--- Dataset extract Enclosed Below ---

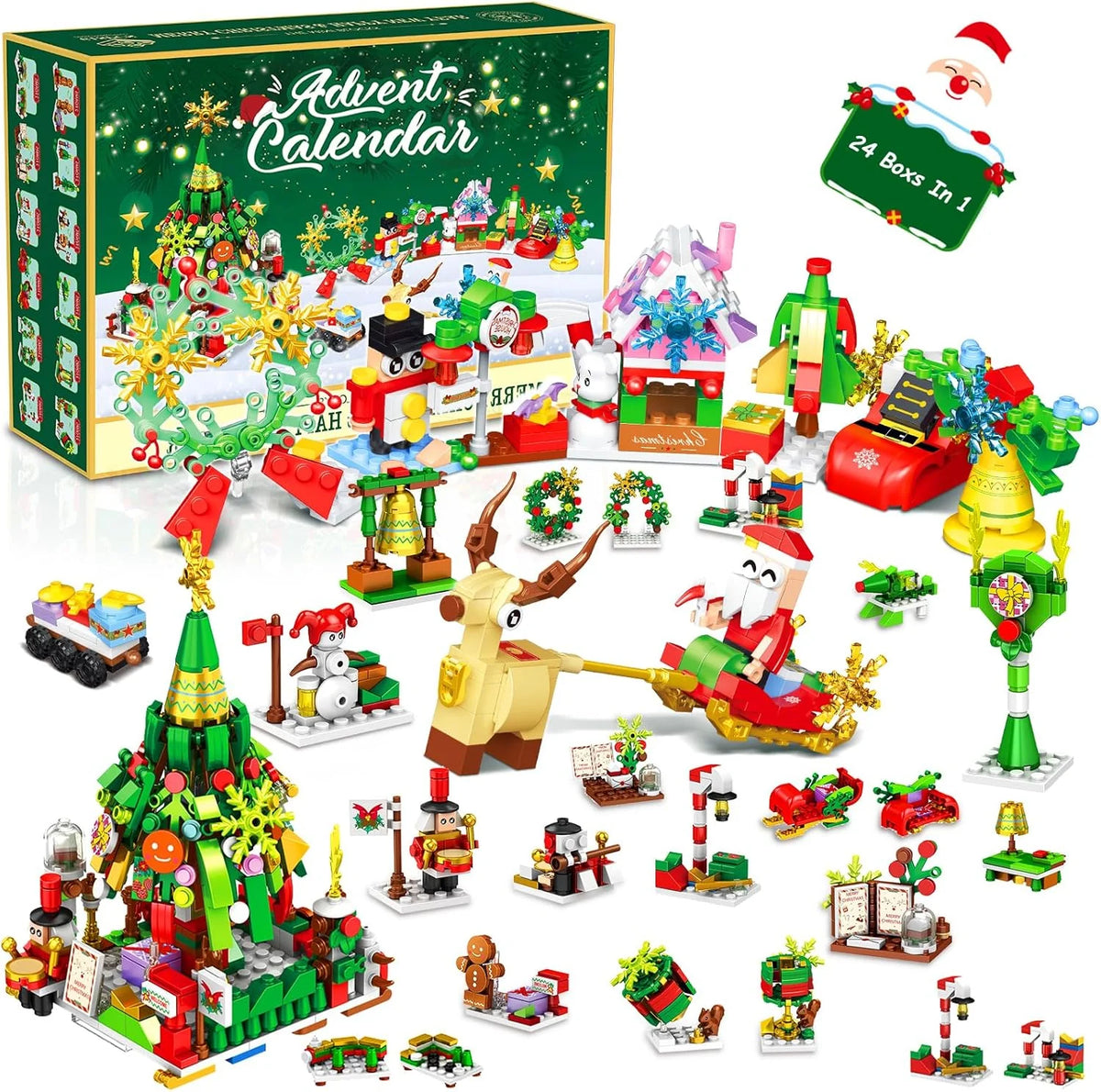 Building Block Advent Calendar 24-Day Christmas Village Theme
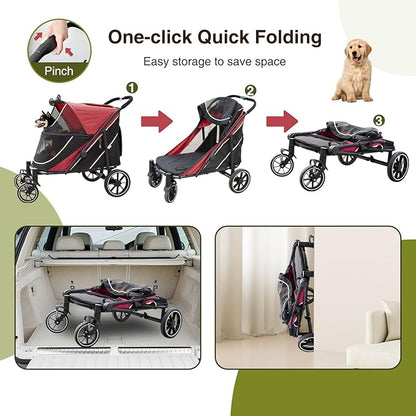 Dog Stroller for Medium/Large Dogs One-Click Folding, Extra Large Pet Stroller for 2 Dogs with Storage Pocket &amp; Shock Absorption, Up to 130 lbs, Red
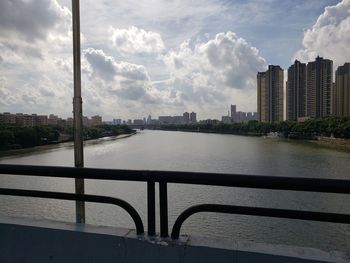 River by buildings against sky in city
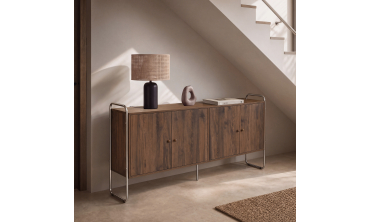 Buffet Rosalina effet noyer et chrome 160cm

--- End of Enclosed Dataset extract ---

*Work item*: Write out exactly, and only, the lines from the line holding "River by buildings against sky in city" through the end of the data, inclusive, without any pictures.

*Answer below*:
 River by buildings against sky in city
 Buffet Rosalina effet noyer et chrome 160cm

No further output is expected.